Wie der Autor feststellt, orientierte sich Thoma weniger an eigenen charakterlichen Grundsätzen als an der allgemeinen politischen Stimmung. So bejahte er bald den Kriegskurs von Kaiser Wilhelm II.  und ging nach nach auf Distanz zu den Satirezeitungen. Das harte Urteil von Martin A. Klaus: „Er warf keine Überzeugung über Bord, denn er  hatte keine. Er hatte lediglich eineinhalb Jahrzehnte lang gegen Honorar für eine populäre Auffassung geschrieben“. Und er ergänzt: „Unter Journalisten keine ungewöhnliche Handlungsweise.“  Selbst Ludwig Ganghofer, der geschätzte Schriftstellerkollege, lieferte für die „Münchner Neuesten Nachrichten“ (Vorgängerin der Süddeutschen Zeitung) pathetische Kriegsberichte. Für etliche Monate war Thoma  als Sanitätssoldat im Kriegseinsatz in Frankreich und gab sich heldenhaft: „Je dicker es kommt, desto fröhlicher ist`s mir ums Herz.“ Er schloss sich der „Deutschen Vaterlandspartei“ an.
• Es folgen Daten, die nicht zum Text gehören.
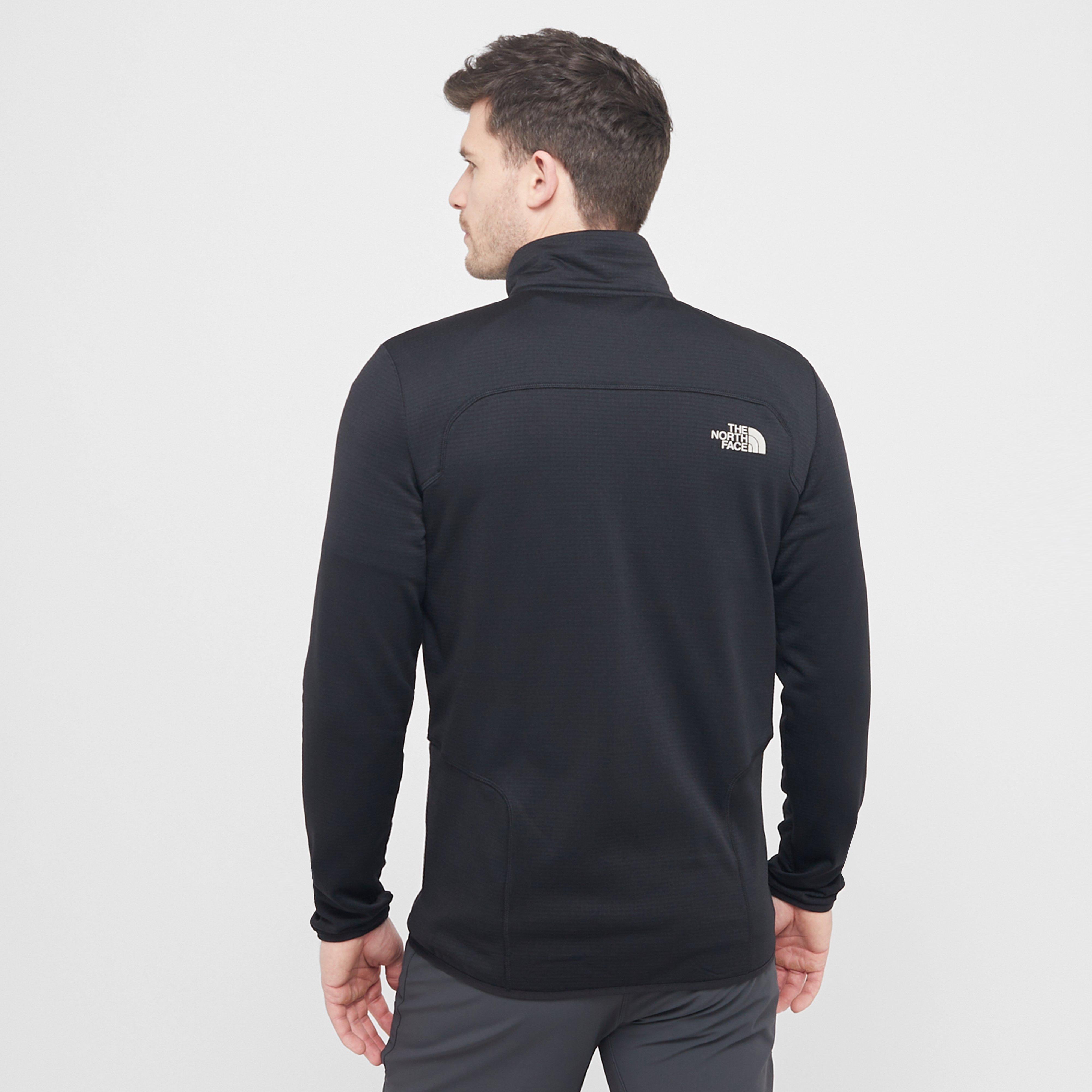 Men's Quest Fleece Jacket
Sprachlich geschliffen lieferte Thoma im „Miesbacher Anzeiger“ plumpe Hetzerei. Autor Klaus schreibt von einer „politischen Dreckschleuder“.  Eineinhalb Jahre lang erschienen seine Artikel unter einem Pseudonym, aber in der Szene war allen bewusst, wer die Feder führte. 175 antisemitische Hetzartikel erschienen. Das Lokalblatt, das eine Auflage von 18000 Exemplaren hatte, wurde sogar in Berlin gelesen.  Ludwig Thoma schrieb fortan „für alle Freunde kerndeutscher Gesinnung“. Er hatte Kontakte zur antisemitischen Thule-Gesellschaft, der ideologischen Vorläuferin der Nazi-Organisation. Klaus kommt zur Überzeugung, dass Thoma seinen Aggressionen immer dort Luft verschaffte, wo er der Zustimmung einer Mehrheit sicher sein durfte. Dies und keine politische Grundüberzeugung sei  die Triebfeder  seines Handelns  gewesen. Seine Zielscheibe waren jüdische Persönlichkeiten,  denen er früher mit unterwürfiger Wertschätzung begegnete, die er jetzt  aber diffamierte und persönlich herabsetzte.  Der sprachlich nicht besonders bewanderte junge Redner Adolf Hitler soll sich gerne der „Vorlagen“ von Thoma  bedient haben. Und wenige Tage vor der Ermordung des USPD-Politikers Karl Gareis wiegelte er die Freikorps auf: „Schauen wir zu, dass noch einmal der rote Fetzen durch München getragen wird? Oder schlagen wir jeden Hund tot, der das arme Vaterland in neues Verderben stürzen will?“

Im Münchner Rotkreuz-Krankenhaus („Ich muss Heimatluft und Heimatkost haben, hier würgt mir der Ekel an jedem Bissen“) musste er sich im August 1921 einer Magenkrebs-Operation unterziehen. Noch einmal wollte er in sein Haus in die Tuften bei Tegernsee zurück. Freunden gegenüber verharmloste er seine Krankheit („Nur der Magen muss aufgepäppelt werden“), aber schon einen Tag später, am 26. August 1921, starb er.                                                                                                                    WERNER FALK

Martin A. Klaus: „Ludwig Thoma – ein erdichtetes Leben“, 304 Seiten, ISBN 978-3-423-28103-4, 26 Euro, dtv Sachbuch.